Mathieson Iain, McVean Gil
Wellcome Trust Centre for Human Genetics, University of Oxford, Oxford, United Kingdom.
PLoS Genet. 2014 Aug 7;10(8):e1004528. doi: 10.1371/journal.pgen.1004528. eCollection 2014 Aug.
Large whole-genome sequencing projects have provided access to much rare variation in human populations, which is highly informative about population structure and recent demography. Here, we show how the age of rare variants can be estimated from patterns of haplotype sharing and how these ages can be related to historical relationships between populations. We investigate the distribution of the age of variants occurring exactly twice (ƒ(2) variants) in a worldwide sample sequenced by the 1000 Genomes Project, revealing enormous variation across populations. The median age of haplotypes carrying ƒ(2) variants is 50 to 160 generations across populations within Europe or Asia, and 170 to 320 generations within Africa. Haplotypes shared between continents are much older with median ages for haplotypes shared between Europe and Asia ranging from 320 to 670 generations. The distribution of the ages of ƒ(2) haplotypes is informative about their demography, revealing recent bottlenecks, ancient splits, and more modern connections between populations. We see the effect of selection in the observation that functional variants are significantly younger than nonfunctional variants of the same frequency. This approach is relatively insensitive to mutation rate and complements other nonparametric methods for demographic inference.

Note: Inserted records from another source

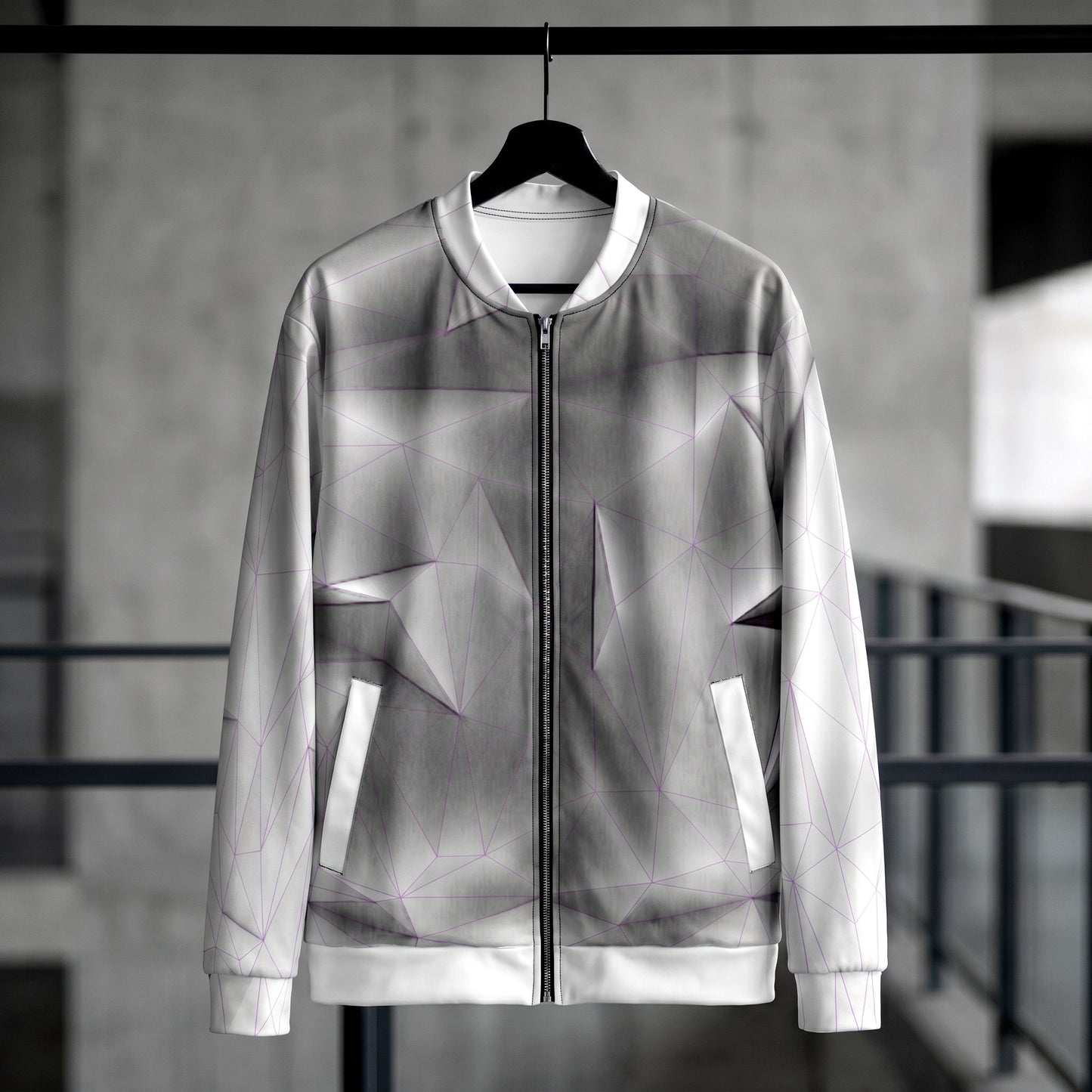 Translucent jacket with geometric patterns on a hanger against a blurred background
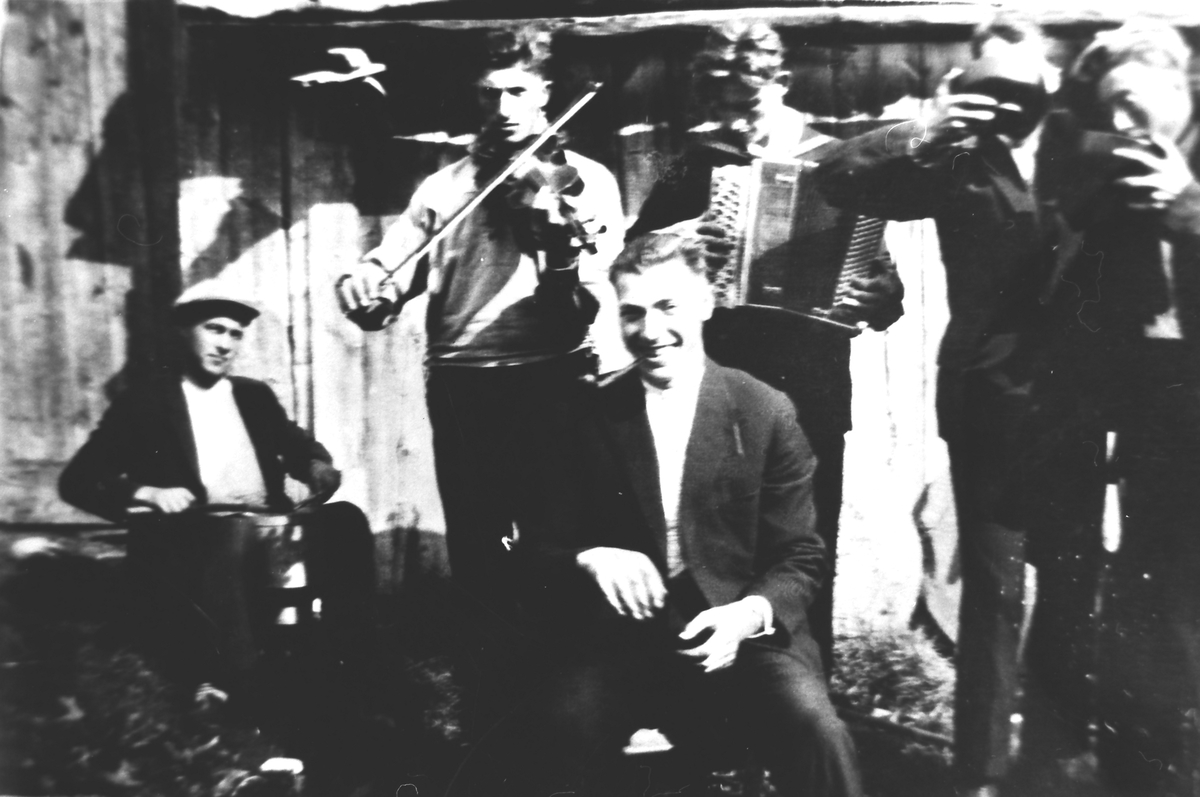 Motiv av seks menn, et spelemannslag og to herrer som drikker av en skål. Avslutning av slåttedugnad på Skotet ca.1928-30.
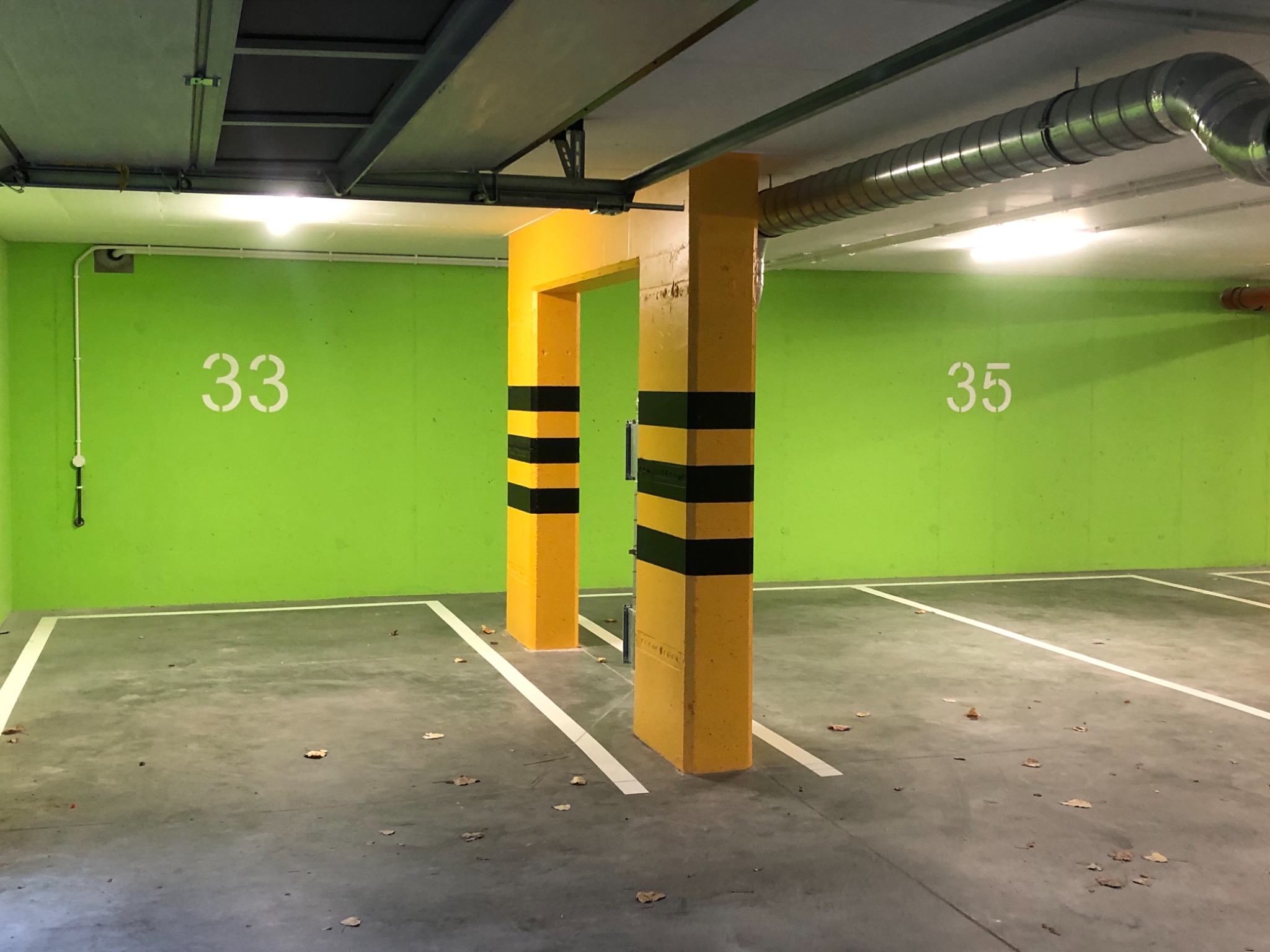 Wnętrze parkingu podziemnego w Piotrkowie Trybunalskim z jasnozielonymi ścianami oznaczonymi numerami miejsc, żółtymi słupami z czarnymi pasami i betonową podłogą pokrytą liśćmi.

大型全基因组测序项目已使人们能够获取人类群体中大量的罕见变异,这些变异对于群体结构和近期人口统计学具有很高的信息价值。在此,我们展示了如何从单倍型共享模式估计罕见变异的年龄,以及这些年龄如何与群体之间的历史关系相关联。我们研究了在千人基因组计划测序的全球样本中恰好出现两次的变异(ƒ(2)变异)的年龄分布,揭示了不同群体间存在巨大差异。在欧洲或亚洲的群体中,携带ƒ(2)变异的单倍型的中位年龄为50至160代,而在非洲群体中为170至320代。各大洲之间共享的单倍型要古老得多,欧洲和亚洲之间共享的单倍型的中位年龄在320至670代之间。ƒ(2)单倍型年龄的分布为其人口统计学提供了信息,揭示了近期的瓶颈效应、古代的分化以及群体之间更现代的联系。我们在观察中看到了选择的影响,即功能变异比相同频率的非功能变异明显更年轻。这种方法对突变率相对不敏感,并补充了其他用于人口统计学推断的非参数方法。